Work to be completed
An exact reprint of every record below is required, with the pictures left out.

Data section
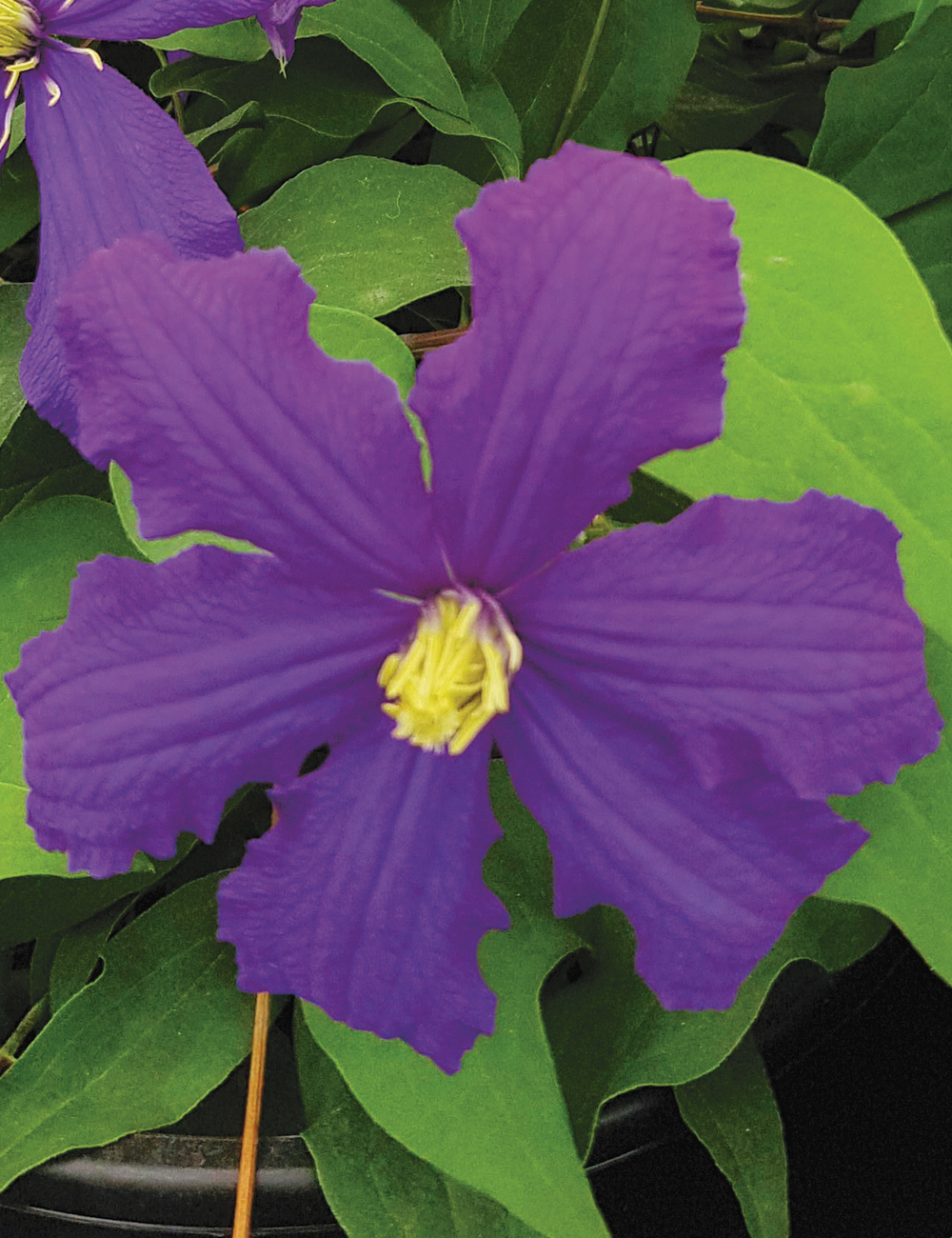 Clematis Jackmanii Hybrids Rhapsody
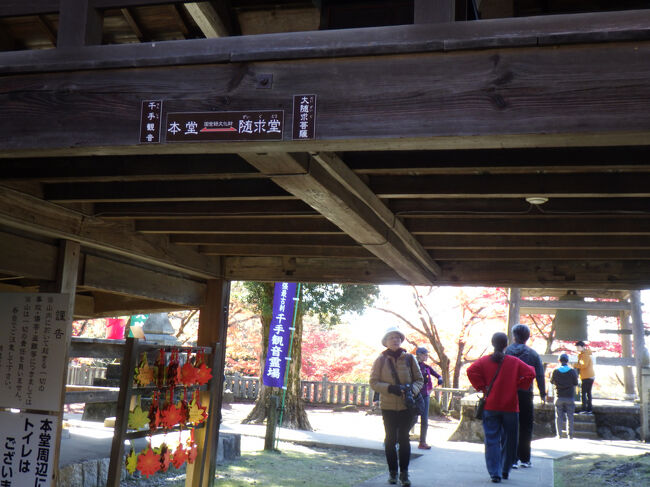 登り切り、本堂と隋求堂をつなぐ渡り廊下の下を潜ります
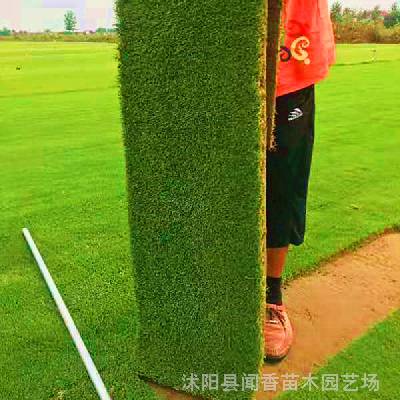 剪股颖草坪价格高尔夫球场沙培草坪的品种地毯草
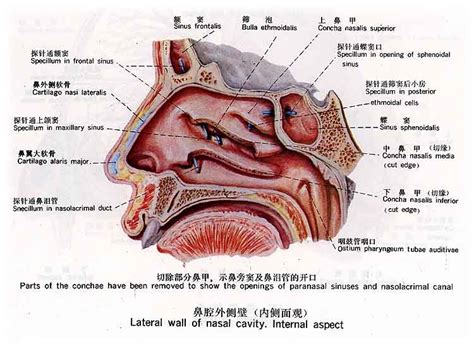 鼻子嘴巴中間|鼻子与嘴巴之间叫什么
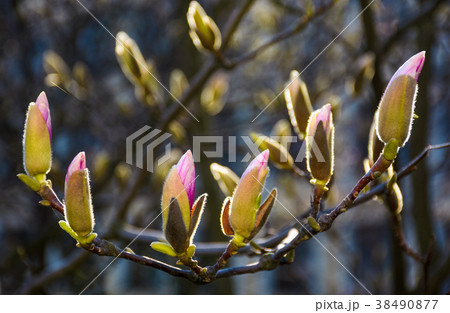 blossom of magnolia tree in springtime 38490877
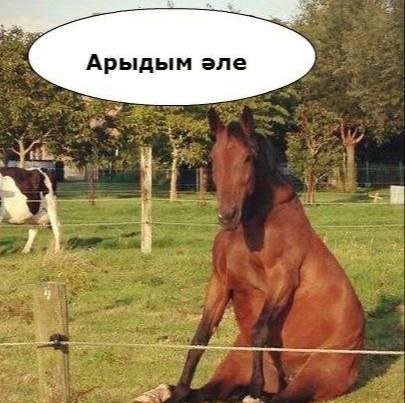 Арыдым one 9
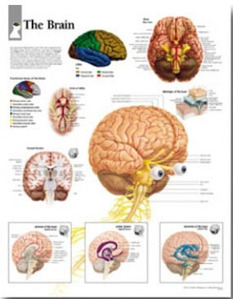 평면해부도(벽걸이)/1700 /뇌차트 The Brain/ 사이즈   56cm ⅹ 71cm Paper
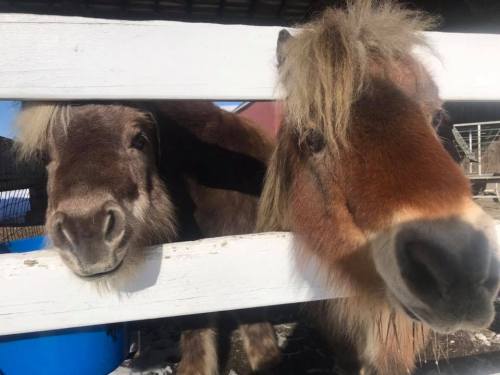 Two friendly ponies peek through a white fence, their fluffy manes and curious expressions visible.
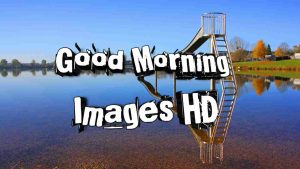 Read more about the article Good Morning Images
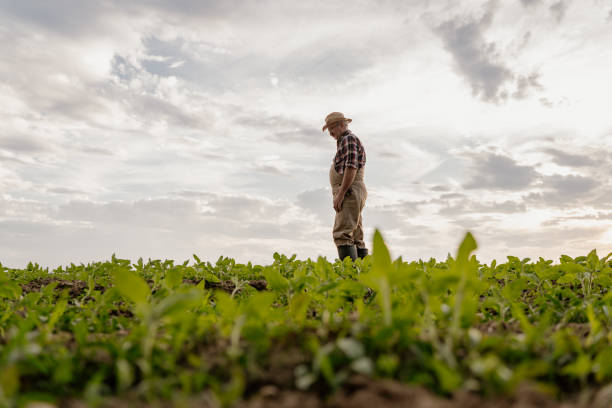 istock Senior man standing in field 1316319531
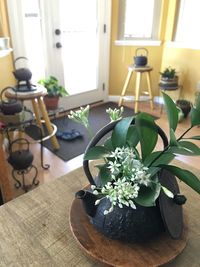 Close-up of potted plant on table at home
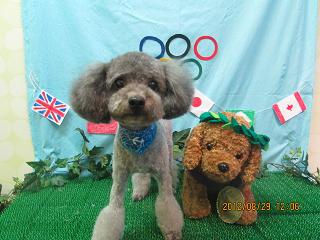 ファイル 4737-2.jpg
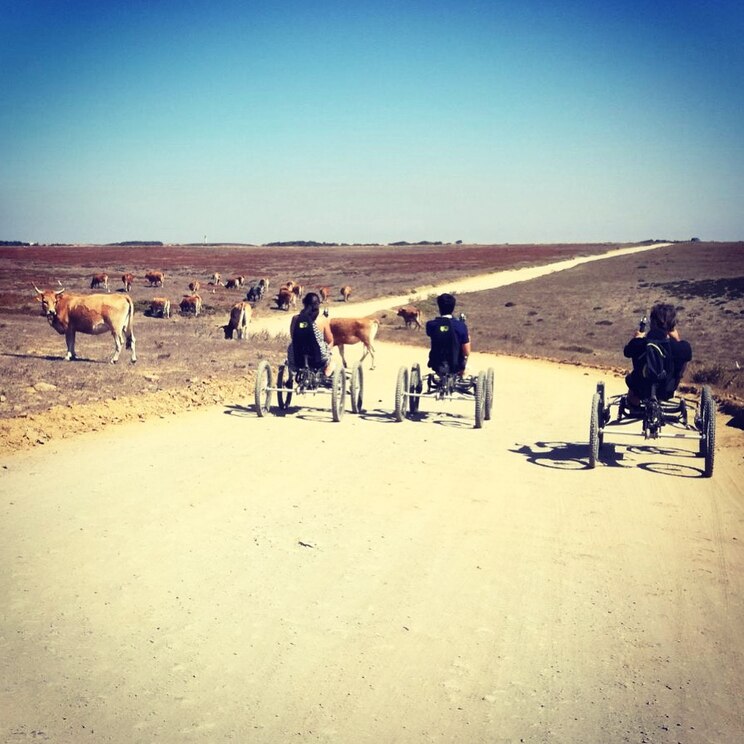 Show full-screen, host-provided image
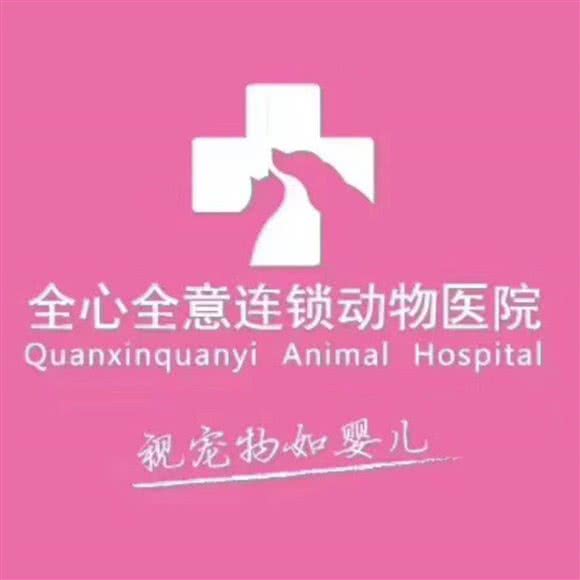 全心全意连锁动物医院(管庄店):北京城区朝阳区管庄附近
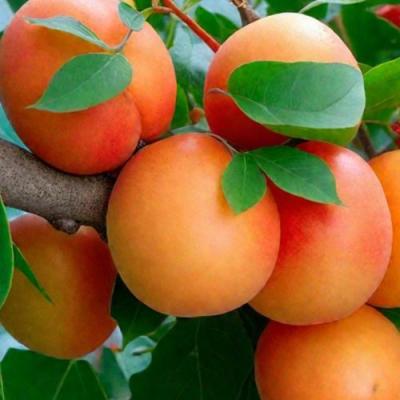 Абрикос в Новополоцке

Finished task
 Clematis Jackmanii Hybrids Rhapsody
 登り切り、本堂と隋求堂をつなぐ渡り廊下の下を潜ります
 剪股颖草坪价格高尔夫球场沙培草坪的品种地毯草
 鼻子嘴巴中間|鼻子与嘴巴之间叫什么
 blossom of magnolia tree in springtime 38490877
 Арыдым one 9
 평면해부도(벽걸이)/1700 /뇌차트 The Brain/ 사이즈   56cm ⅹ 71cm Paper
 Two friendly ponies peek through a white fence, their fluffy manes and curious expressions visible.
 Read more about the article Good Morning Images
 istock Senior man standing in field 1316319531
 Close-up of potted plant on table at home
 ファイル 4737-2.jpg
 Show full-screen, host-provided image
 全心全意连锁动物医院(管庄店):北京城区朝阳区管庄附近
 Абрикос в Новополоцке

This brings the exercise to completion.